There is no way to know when this story takes place. This chapter follows the stories of the births of Esau and Jacob and the sale of Esau’s birthright, so it presumably occurs after those events. But since the boys aren’t mentioned in any of the events surrounding the famine or Abimelech, it’s impossible to know if they are with Isaac or if they are old enough to be somewhere else or perhaps not yet born (if in fact the story is not placed chronologically).
Regardless of when it happens, the story begins with a famine. The author is careful to point out that this famine is not to be confused with the famine Abraham experienced shortly after coming to Canaan (12:10). Abraham is dead and Isaac now faces a famine of his own.
In a search for relief Isaac and his family move southwest into Gerar (also called the land of the Philistines) apparently on their way to Egypt. Gerar is located along the coast of the Mediterranean on the southwest side of Canaan, so it is likely that it endures the famine also. Gerar is not where Isaac goes to escape the famine; it is likely where he wants to pass through on his way to Egypt.
God changes Isaac’s plans by appearing to him and telling him not to go to Egypt. God tells him to stay where he is and that God will be with you and bless you, for to you and your descendants I will give all these lands, and I will establish the oath which I swore to your father Abraham. Though a famine rages in the land God doesn’t want him to try to escape it, but stay where he is and trust God to bless him. God sent the famine and God will provide for Isaac in the midst of it.

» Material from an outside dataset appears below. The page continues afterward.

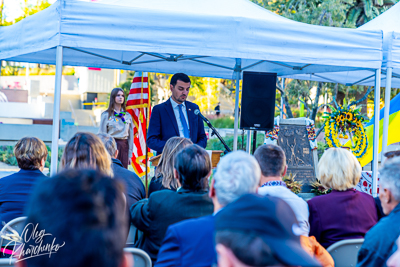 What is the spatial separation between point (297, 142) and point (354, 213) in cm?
364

It is interesting to compare how God interacts with Isaac here with what He did with Abraham in the same circumstances. He didn’t say anything – or at least anything recorded – to Abraham when famine came to Canaan and Abraham decided to go to Egypt. God seemed to let Abraham escape the trial. With Isaac, however, He explicitly tells him to stay and endure (assuming the famine does in fact affect Gerar) and that God will provide for him through it. It may well be that Abraham sinned by going to Egypt, but no condemnation is in the text and God does not rebuke him for it. It seems rather that God simply deals differently with the two men in the midst of the same situation, and that as long as both obey neither approach is inherently wrong. There needs to be room in our theology for God acting and leading differently with different people in similar situations and trials. Just as His ways are not our ways so our experiences with Him are not always the same as others’ and should not be forced upon them.

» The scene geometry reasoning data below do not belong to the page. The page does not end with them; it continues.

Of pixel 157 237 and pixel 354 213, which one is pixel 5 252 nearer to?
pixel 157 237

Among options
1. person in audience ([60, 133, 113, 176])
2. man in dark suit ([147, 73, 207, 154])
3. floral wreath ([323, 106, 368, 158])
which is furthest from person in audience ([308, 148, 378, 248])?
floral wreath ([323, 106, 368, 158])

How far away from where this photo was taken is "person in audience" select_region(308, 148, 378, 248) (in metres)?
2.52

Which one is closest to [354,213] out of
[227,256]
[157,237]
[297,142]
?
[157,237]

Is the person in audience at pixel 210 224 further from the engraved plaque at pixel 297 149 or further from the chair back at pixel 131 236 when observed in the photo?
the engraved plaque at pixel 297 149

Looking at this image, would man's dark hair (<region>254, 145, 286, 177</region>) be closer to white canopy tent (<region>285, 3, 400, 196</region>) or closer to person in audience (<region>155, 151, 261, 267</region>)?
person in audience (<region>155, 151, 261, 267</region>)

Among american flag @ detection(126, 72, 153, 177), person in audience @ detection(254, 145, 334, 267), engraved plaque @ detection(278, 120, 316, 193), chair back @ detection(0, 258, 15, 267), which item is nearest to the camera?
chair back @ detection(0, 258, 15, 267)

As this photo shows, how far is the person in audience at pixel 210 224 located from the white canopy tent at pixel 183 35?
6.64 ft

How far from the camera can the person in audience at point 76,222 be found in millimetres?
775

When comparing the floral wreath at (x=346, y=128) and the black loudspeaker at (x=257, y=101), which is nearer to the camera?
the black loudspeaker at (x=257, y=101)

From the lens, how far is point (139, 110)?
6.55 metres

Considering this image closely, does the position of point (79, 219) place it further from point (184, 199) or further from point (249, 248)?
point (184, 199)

God finishes His promise to Isaac by saying that He will multiply Isaac’s descendants and be with Isaac because Abraham obeyed Me and kept My charge, My commandments, My statutes and My laws. It would be interesting to know if this makes Isaac think about his father’s faithfulness in almost sacrificing him. Nothing showed Abraham’s obedience more than that. And God’s promise about descendants echoes His words to Abraham on several occasions, but notably it echoes what he said on Moriah after the near-sacrifice (22:16-18). If Isaac ties God’s words to that event, it would seemingly make the promises even more poignant for him.

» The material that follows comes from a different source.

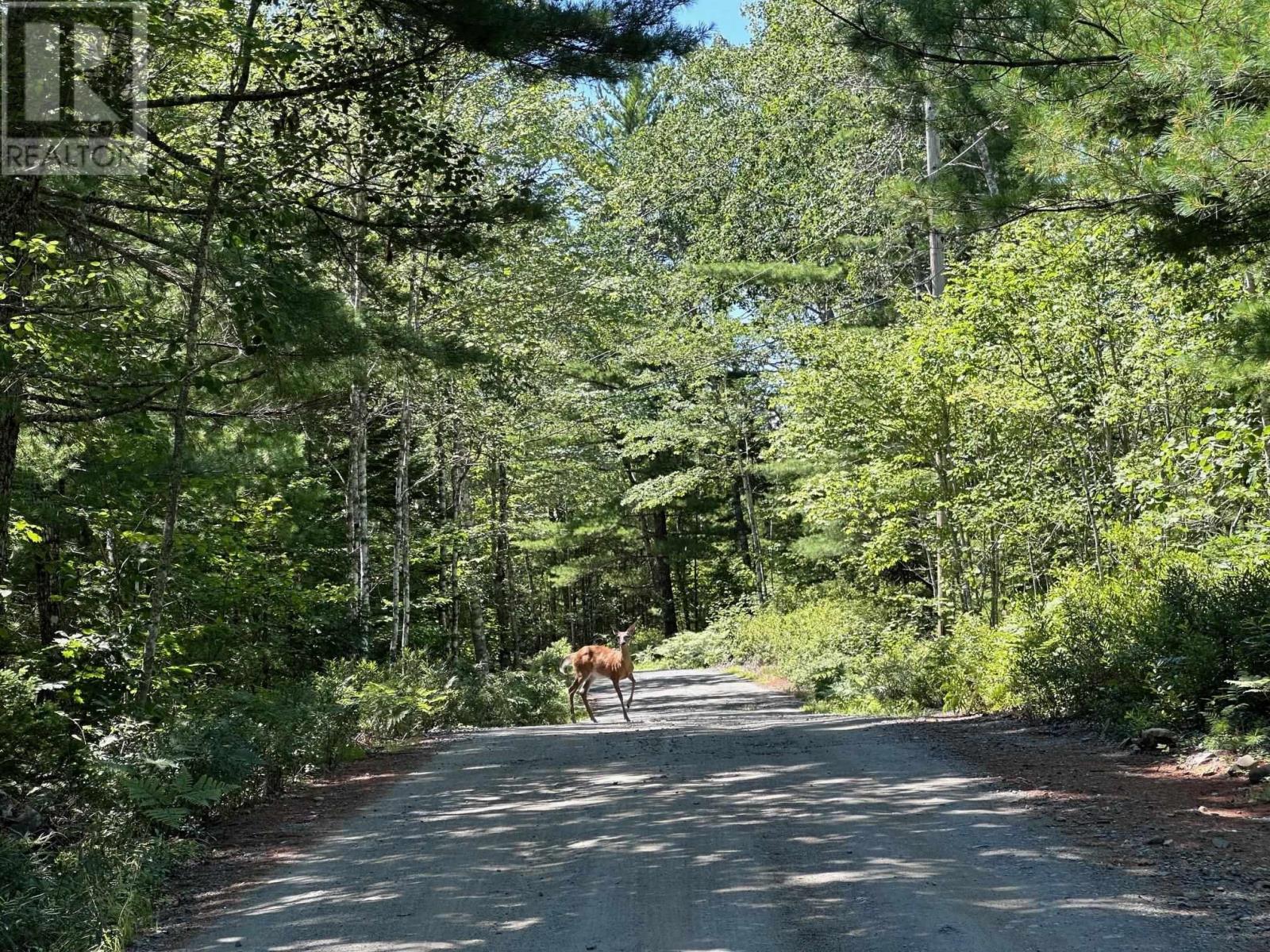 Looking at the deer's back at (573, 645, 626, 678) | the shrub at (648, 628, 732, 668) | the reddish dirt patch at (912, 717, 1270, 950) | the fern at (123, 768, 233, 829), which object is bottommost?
the shrub at (648, 628, 732, 668)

As a result of God’s appearance to him, Isaac and his family stay in Gerar.
After Isaac decides to stay in Gerar, some men in the area ask him about his wife – Rebekah. It is important to remember that the first description of Rebekah – when Abraham’s servant saw her carrying her jar to the well in Nahor – was that she was very beautiful (24:16). She shares with Sarah (say that three times fast) more than barrenness; just like her mother-in-law she has a striking physical appearance that men notice. We have no idea how old she is in this story, but apparently her beauty has not faded from her days as a girl drawing water.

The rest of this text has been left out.